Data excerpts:
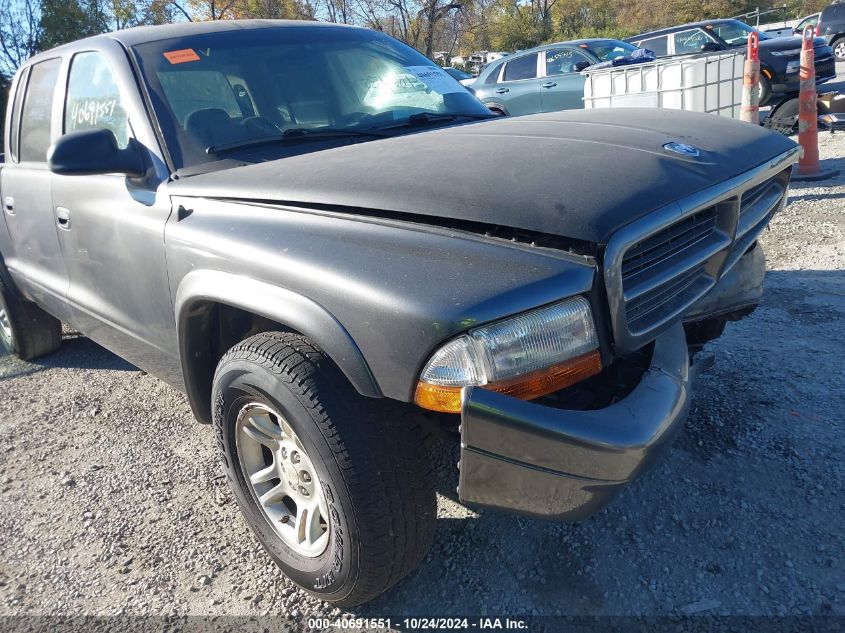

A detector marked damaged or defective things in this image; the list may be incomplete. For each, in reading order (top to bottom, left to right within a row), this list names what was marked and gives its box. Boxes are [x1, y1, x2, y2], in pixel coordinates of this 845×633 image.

damaged bumper corner [462, 324, 692, 520]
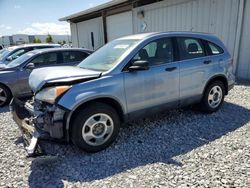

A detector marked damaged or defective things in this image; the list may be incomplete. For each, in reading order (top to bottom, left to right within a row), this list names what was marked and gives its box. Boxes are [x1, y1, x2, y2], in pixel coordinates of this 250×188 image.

crumpled hood [29, 66, 102, 92]
damaged front bumper [10, 97, 67, 156]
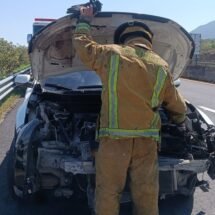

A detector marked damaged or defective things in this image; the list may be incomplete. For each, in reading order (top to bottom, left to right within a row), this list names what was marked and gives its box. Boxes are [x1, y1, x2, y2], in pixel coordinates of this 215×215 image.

damaged car hood [29, 12, 195, 82]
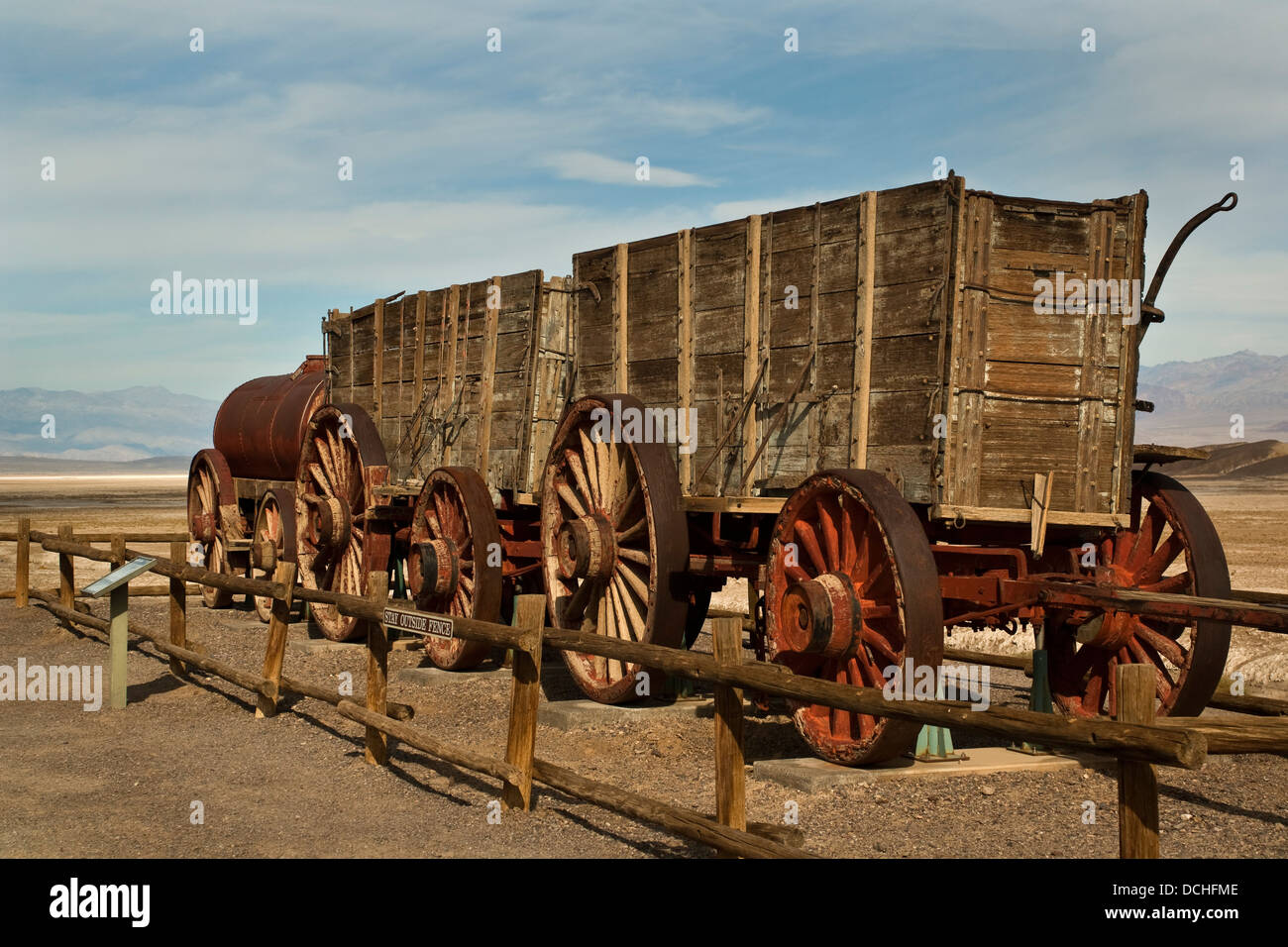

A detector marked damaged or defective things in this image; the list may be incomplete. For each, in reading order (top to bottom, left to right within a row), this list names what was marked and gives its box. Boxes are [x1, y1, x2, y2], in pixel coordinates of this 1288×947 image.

rusty iron wheel [185, 450, 236, 610]
rusty iron wheel [250, 487, 295, 622]
rusty iron wheel [293, 404, 388, 642]
rusty iron wheel [406, 470, 501, 670]
rusty iron wheel [535, 392, 686, 701]
rusty iron wheel [769, 470, 939, 765]
rusty iron wheel [1046, 474, 1229, 717]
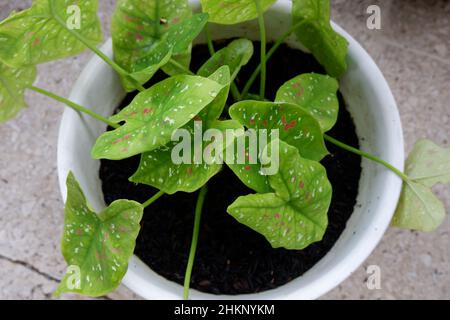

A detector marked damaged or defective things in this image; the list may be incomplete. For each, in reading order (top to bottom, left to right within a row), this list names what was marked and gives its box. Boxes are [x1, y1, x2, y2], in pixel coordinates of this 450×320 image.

crack in concrete [0, 252, 60, 282]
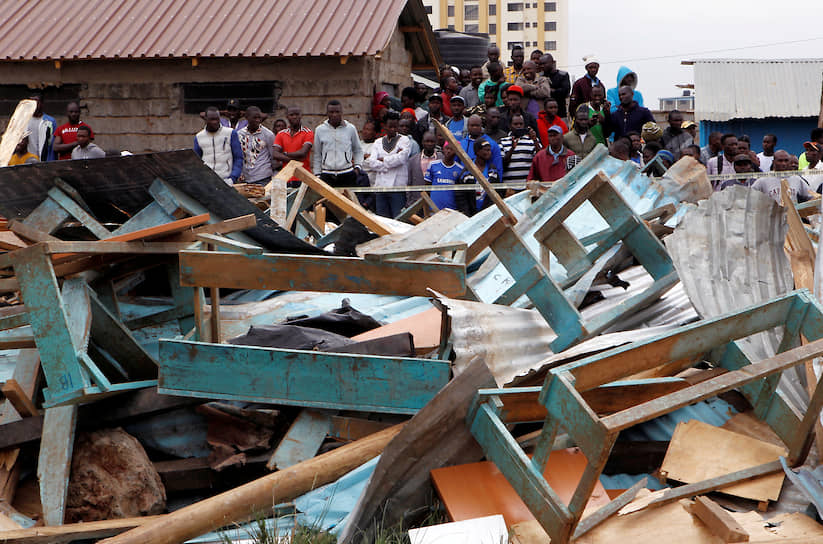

PROBLEM TO WORK ON
Return exactly the lines from the one containing "this 1288×947 image." through the end of the records, leaving out every picture.

EXERCISE SOLUTION
A detector marked damaged or defective things in this image; the list may be incomplete. For each, in reading order (top to bottom, left to right within a row), this list names what was marked and gives its box. Boxes are [x1, y1, x2, y2], in pixel coordinates of this 1288×947 image.

rusty iron wheel [185, 450, 236, 610]
rusty iron wheel [250, 487, 295, 622]
rusty iron wheel [293, 404, 388, 642]
rusty iron wheel [406, 470, 501, 670]
rusty iron wheel [535, 392, 686, 701]
rusty iron wheel [769, 470, 939, 765]
rusty iron wheel [1046, 474, 1229, 717]

A detector marked damaged or defective things in this image; the list may be incomplete. For each, in reading order (top to bottom, left to right within a row), this list names what was marked and gives its box. Boxes are [x1, y1, x2, y2], in pixel coordinates of this 450×320 image.

crack in concrete [0, 252, 60, 282]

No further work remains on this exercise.